WHAT TO PRODUCE - Write out again, exactly as they appear, the lines from the start of the data below through the line with "Mexican Turkey Breakfast Pizza"; no pictures.

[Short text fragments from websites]
· · · · ·

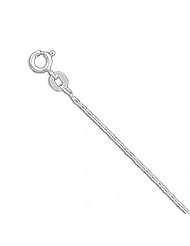 MMA Silver - 18 inch 035 Cable Chain Necklace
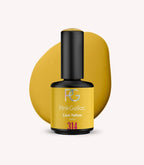 Pink Gellac 314 Lion Yellow gel nail polish bottle.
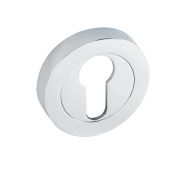 Eclipse 31163 Polished Chrome Euro Profile Escutcheon on Round Rose &lpar;Insignia Range&rpar;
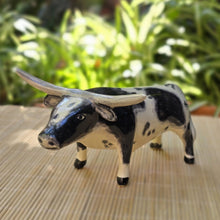 Juego de 3 cuencos con patas de cerdito azul y blanco 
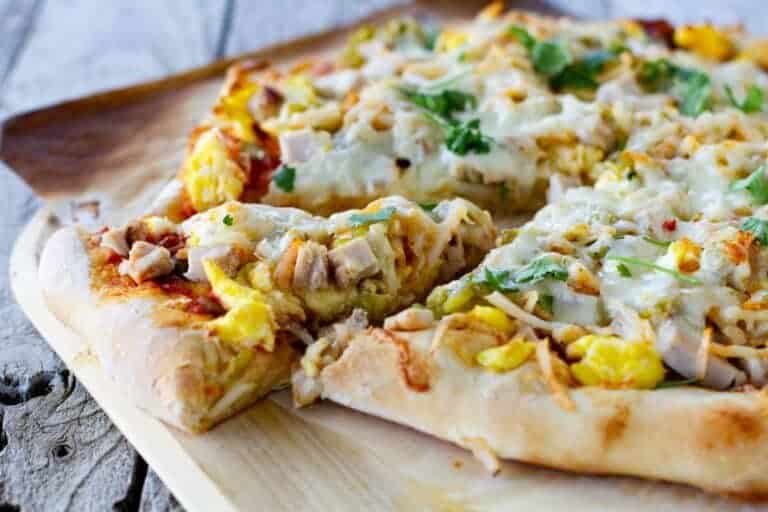 Mexican Turkey Breakfast Pizza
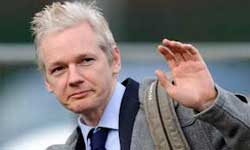 Julian Asange, el periodista australiano editor de WikiLeaks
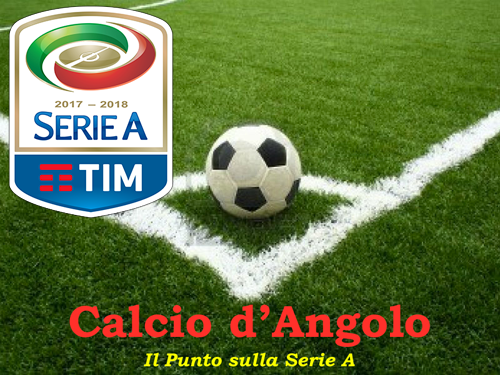 1° CALCIO D'ANGOLO: LA SERIE "A"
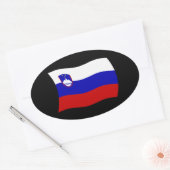 Autocollant du drapeau de la Slovénie (Enveloppe)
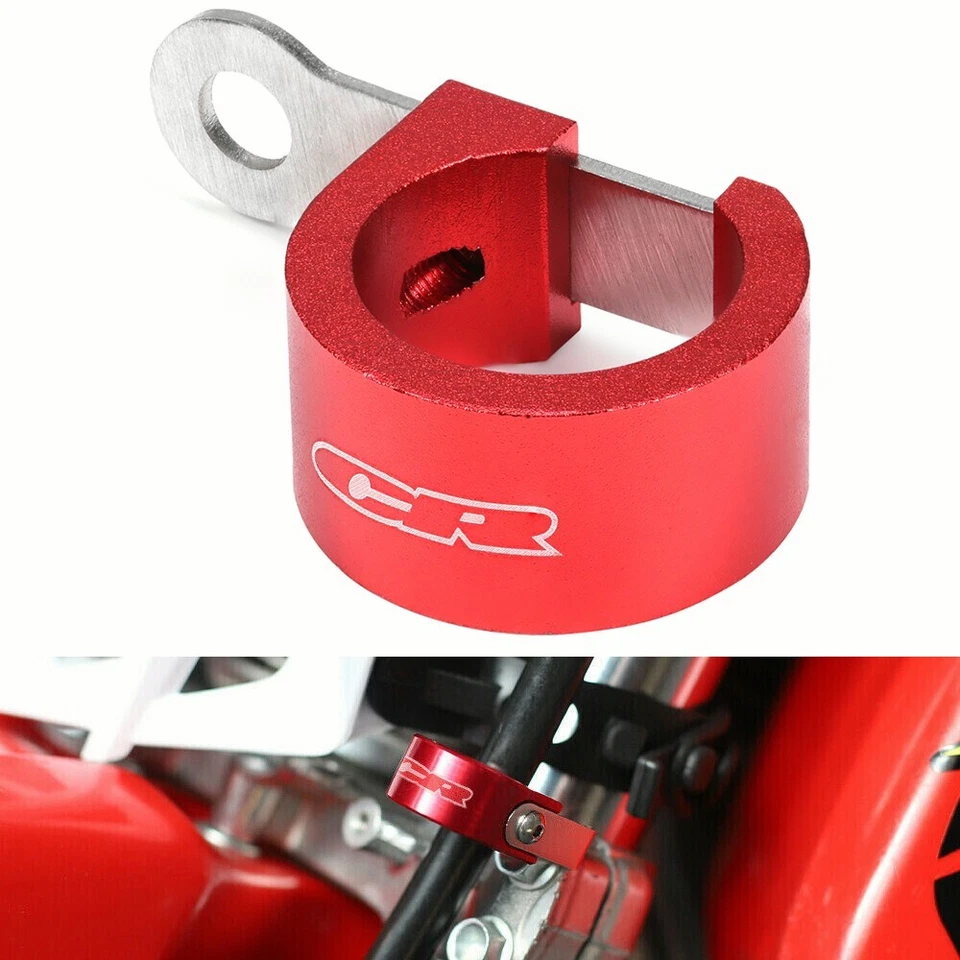 Guía inferior de manguera de freno delantero para HONDA CR 80R/RB CR 85R/RB CR125R CR250R CR500R Foto 1 de 4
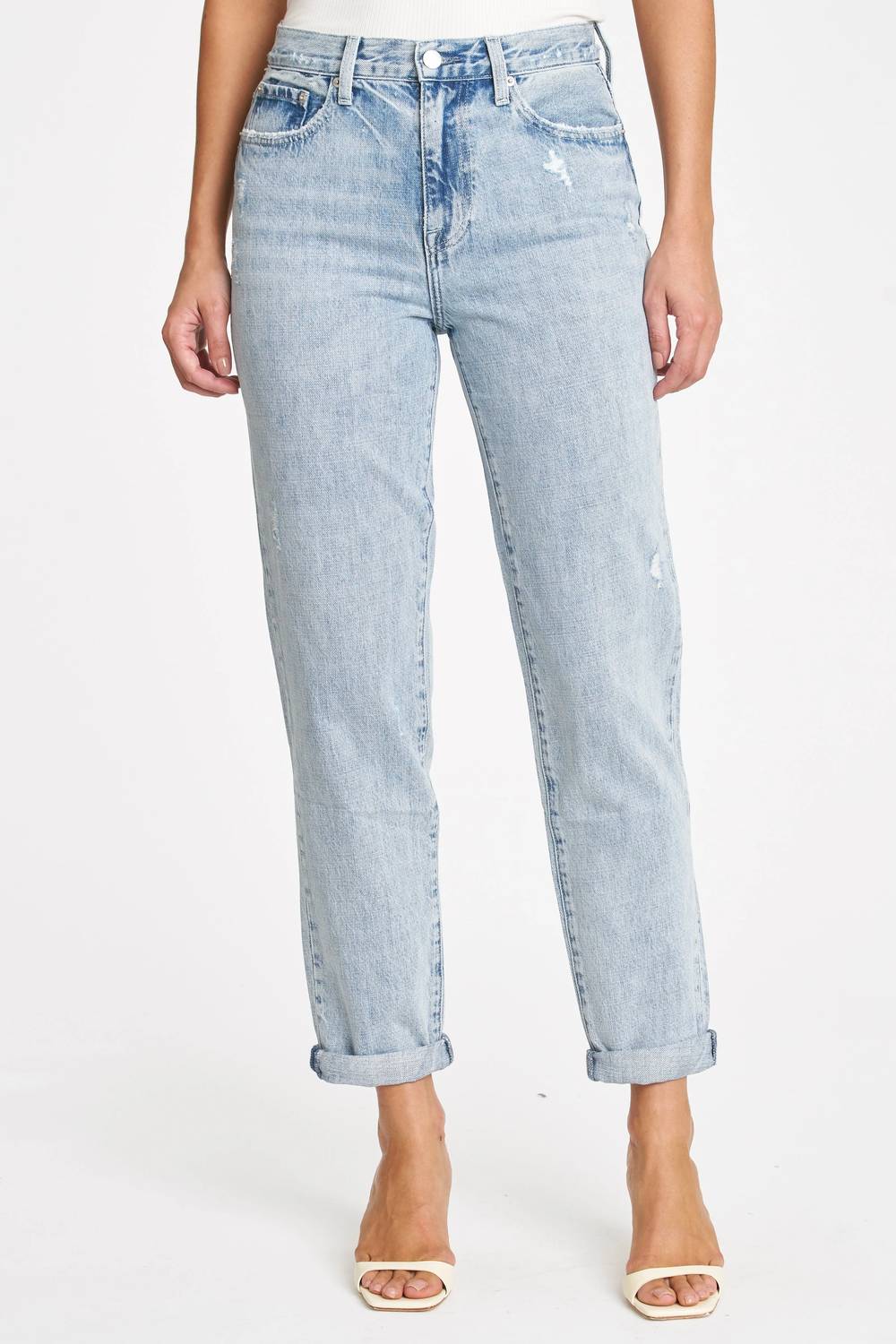 Pistola - Presley High Rise Relaxed Roller Jeans
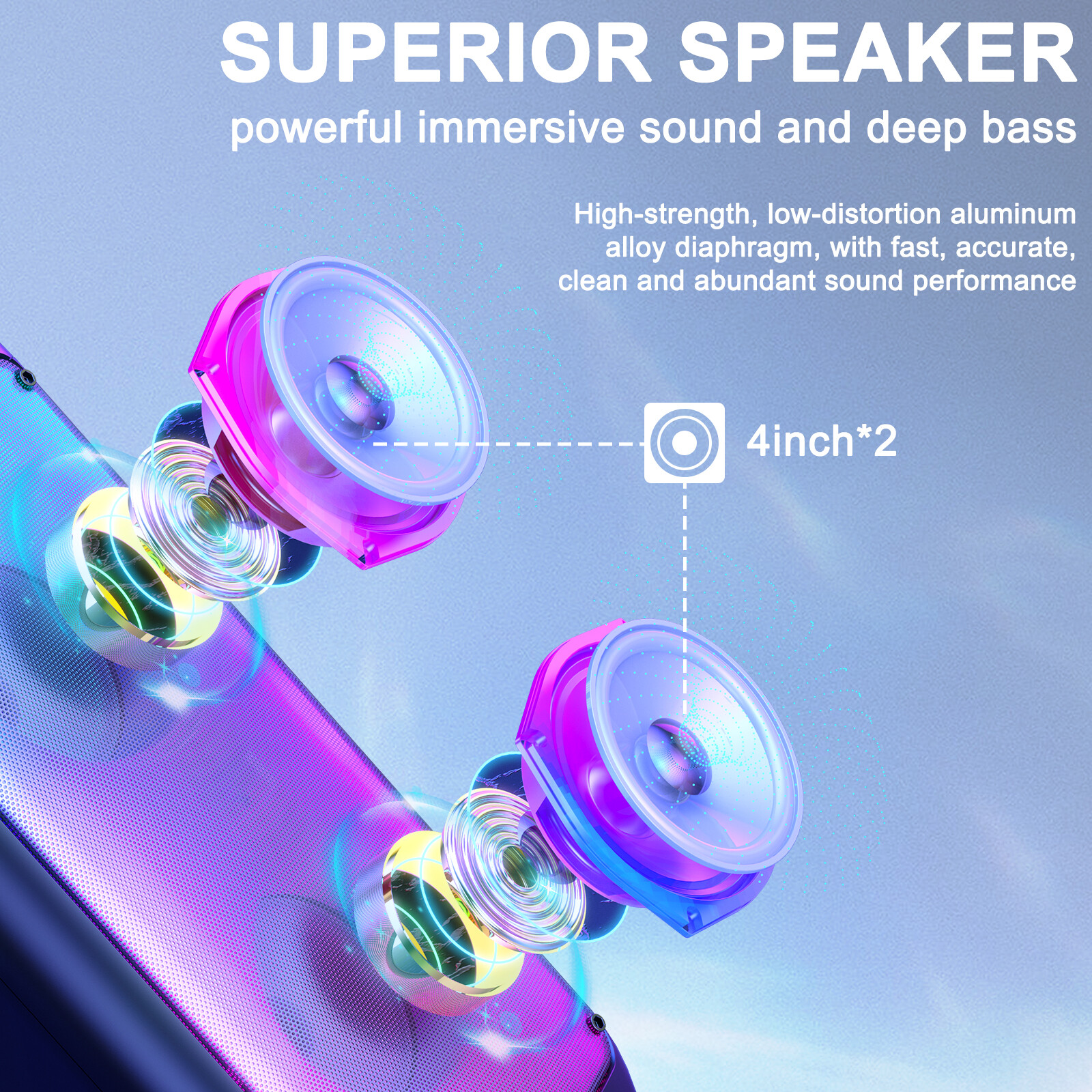 JYX Party Karaoke Machine,Powerful Bluetooth Speaker,For Wedding/Party/Birthday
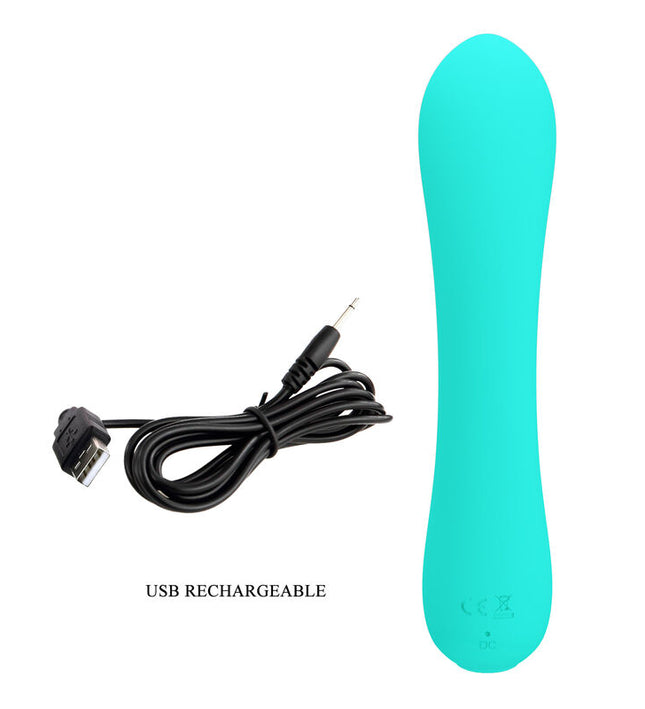 PRETTY LOVE - PRESCOTT RECHARGEABLE VIBRATOR AQUA GREEN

· · · · ·

RESPONSE AREA -
 MMA Silver - 18 inch 035 Cable Chain Necklace
 Pink Gellac 314 Lion Yellow gel nail polish bottle.
 Eclipse 31163 Polished Chrome Euro Profile Escutcheon on Round Rose &lpar;Insignia Range&rpar;
 Juego de 3 cuencos con patas de cerdito azul y blanco 
 Mexican Turkey Breakfast Pizza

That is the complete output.